No danger of that happening with this one, however, which is low-rent in every department. Despite the wholesale personnel changes in front of and behind the camera, Part II looks very much like its 2011 predecessor, perhaps because the one key crew member to carry over was cinematographer Ross Berryman. But the melodrama remains second-tier cable in credibility and production values, with the new potentially lurid subplots involving secret romances, divorce, betrayals and sexual blackmail coming off as hopelessly pallid.
Pointedly, the country is going down the tubes, to the point where Washington moves in to require those few successful big businesses that remain to submit to government control. Fighting this with every fiber are railway tycoon Dagny Taggart (Samantha Mathis, replacing Taylor Schilling) and steel magnate Henry Rearden (Jason Beghe, taking over from Grant Bowler). In the most politically pointed scene, the fiercely defiant Rearden is called before a judiciary panel empowered to enforce the government takeover of his giant business as well as imprison him, but he stands his ground with impressive resilience that rouses the spectators and wilts the judges.

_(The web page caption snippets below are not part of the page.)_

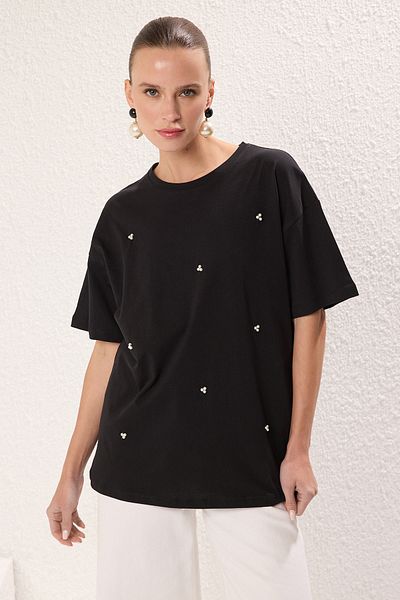 Trendyol Collection Koszulka typu oversize Pearl Stone Detailed Black - TWOSS25TS00174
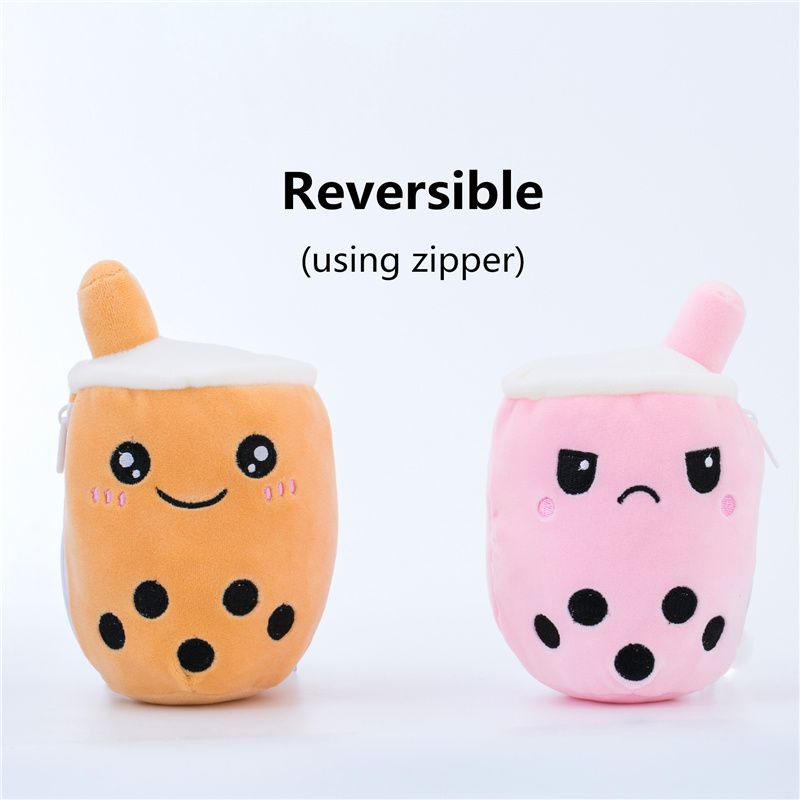 Large! 18cm Reversible Secret Pouch Boba Plushie Bubble Tea Milk Plush Doll Soft Stuffed Toy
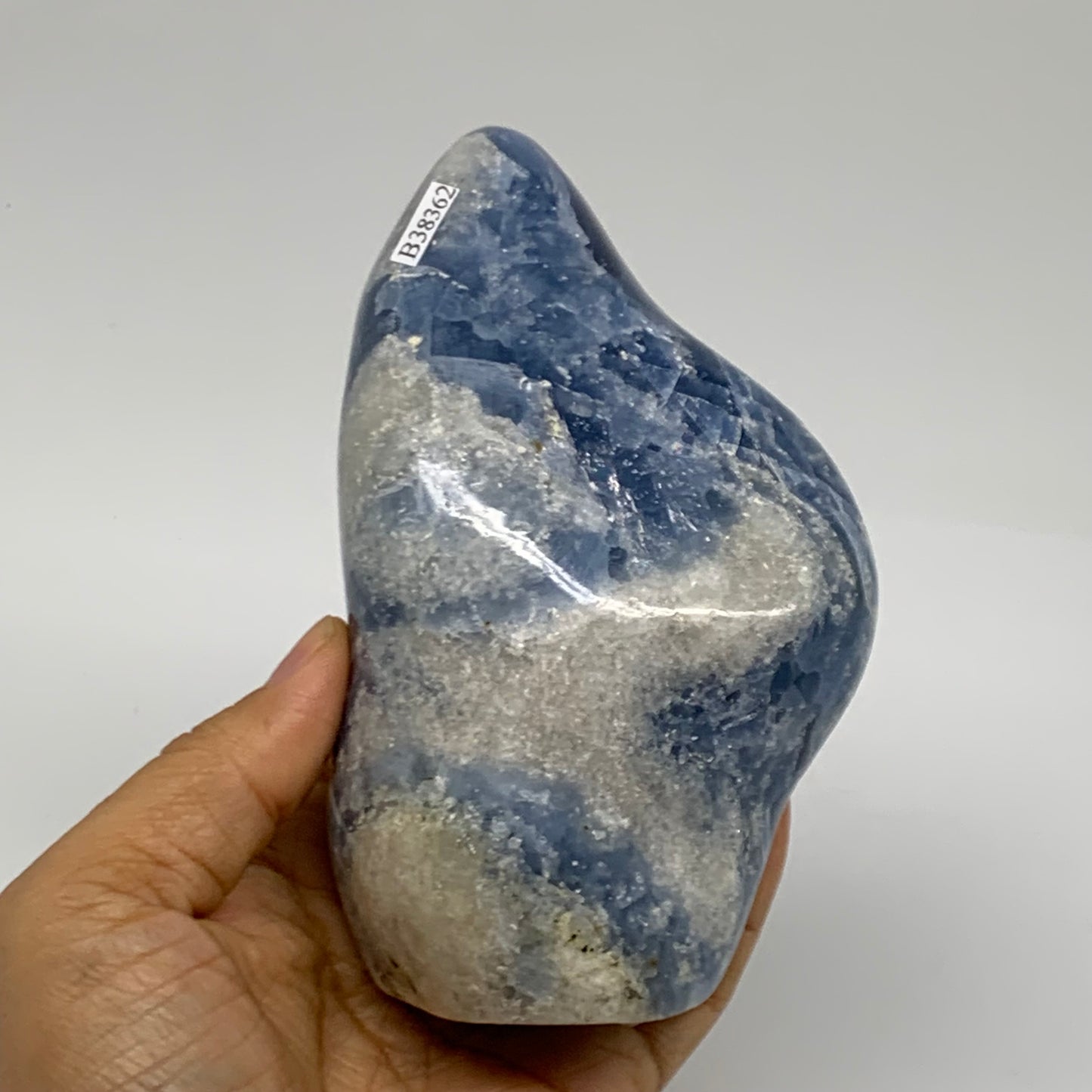 1.59 lbs, 4.9"x3"x2.3", Natural Blue Calcite Polished Freeform Stands, B38362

Otherwise, there are plenty of spinning wheels involving Dagny's efforts to start a little motor she's found that might hold the solution to the world's energy problems (one tank of gas costs her $865), Dagny's betrayal by her limp-willed brother James (Patrick Fabian, replacing Matthew Marsden), Rearden's difficulties with his estranged wife Lillian (Kim Rhodes) and the ongoing disappearances of leading minds and talents from all walks of life. The question “Who is John Galt?” keeps coming up, to the annoyance of Dagny, who uncharacteristically drops out of the rat race for a while until her final date with destiny that sets up Part III. If made, will that one feature yet another cast? Perhaps Todd Haynes would be interested. TV director John Putch handled this one, stepping in for Paul Johansson.
There is certainly room for improvement. As Dagny, the mismatch between Schilling and Mathis from the first to second part is particularly severe; Schilling is 28, tall and slim, whereas Mathis is 42 and more full-figure. If not exactly commanding, Schilling caught part of the commanding personality the role requires, while Mathis never connects with the role. While one-dimensional, Beghe is engaging as the self-made industrialist Rearden, his rough voice providing a contrast to his suave looks as well as a distinctive texture to his delivery of Randian gospel. Esai Morales is okay as a Chilean tycoon who deliberately sabotages his own holdings, while D.B. Sweeney is seen only in silhouette as the oft-discussed John Galt.
Ultimately, if a convincing, updated version of Atlas Shrugged were to be made today, the adapter would need to dispense with the railway and steel industry angles and find plausible substitutes in the high-tech field. Not only are trains the bête noir of many conservatives today, but they no longer represent what they once did and cannot serve as a lynchpin of American industry and financial might. Rand purists might object, but the work doesn't translate properly to today, or its near-future setting, due to the changed landscape in the decades since the novel was written.